Siglo XVIII, un rincón perdido de la costa francesa. Una casa solariega sobre la que aún planea una muerte reciente; una heredera que se niega a dejarse retratar, y una pintora con el encargo de hacerlo allí mismo sin que ésta se dé cuenta.
La película arranca como un cuento de misterio a lo REBECCA; la pintora como una detective de la brocha, frente a una presencia intrigante que entra en la peli de forma casi sobrenatural (¡el cuadro incompleto!), y que Sciamma convierte en un puzzle de rasgos hasta culminar en una... ¿revelación?
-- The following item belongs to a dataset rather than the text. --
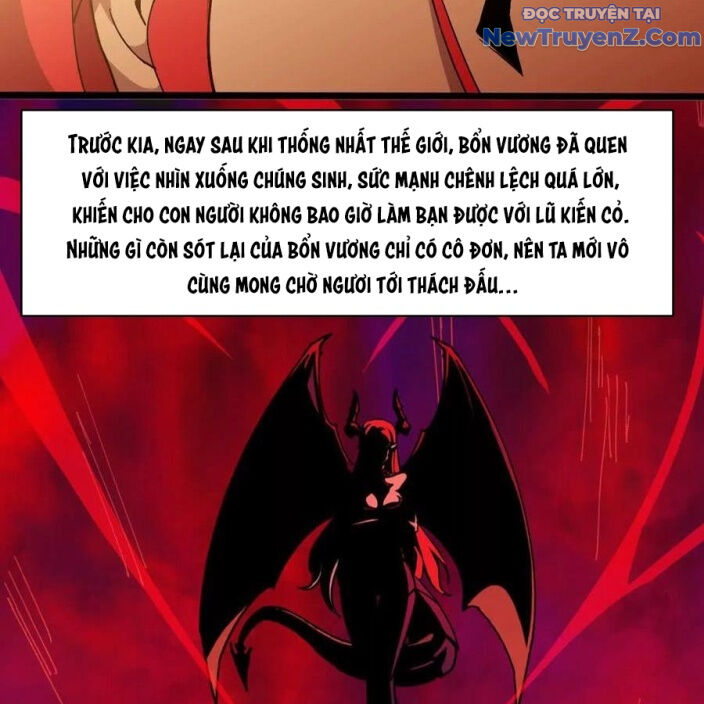 Dũng Giả X Nữ Ma Vương Chapter 151 - Trang 2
De ahí en adelante, entre acantilados y cuevas, los vericuetos de la relación entre la pintora y la modelo toman el control de la peli.
Visualmente es algo muy serio, sin virguerías sino un empeño pictórico en el plano sin chillártelo... y también el insistir en las texturas y lo táctil del entorno, incluyendo las caras y cuerpos de ellas dos,, frente a un exterior menos encorsetado: las formaciones pintorescas en los acantilados, el fuego y la noche como liberadores frente a la luz dura del día). Ojalá más metraje simplemente sobre el propio proceso, sobre el trabajo de la pintora, a lo LA BELLA MENTIROSA (¡Rivette, y no soy Rimini!). Pero por suerte esto no se come el resto de la peli, que depende totalmente de ello en sus preguntas sobre cómo recordamos a la gente... cómo un retrato es una impresión inmediata de la que, inevitablemente, nos estamos separando desde el minuto siguiente. Básicamente, Dorian Gray fuck you.
Ah, y fantásticas las dos actrices, sobre todo Adele Haenel, cuya sonrisa torcida se convierte en una clave del guión y a quien Sciamma entrega un momento de lucimiento donde es inevitable acordarse de BIRTH de Glazer. ¡Y por sorpresa, Valeria Golino!
De lo mejorcito que vi en 2019 (¡y bastante gente en la sala de cine!).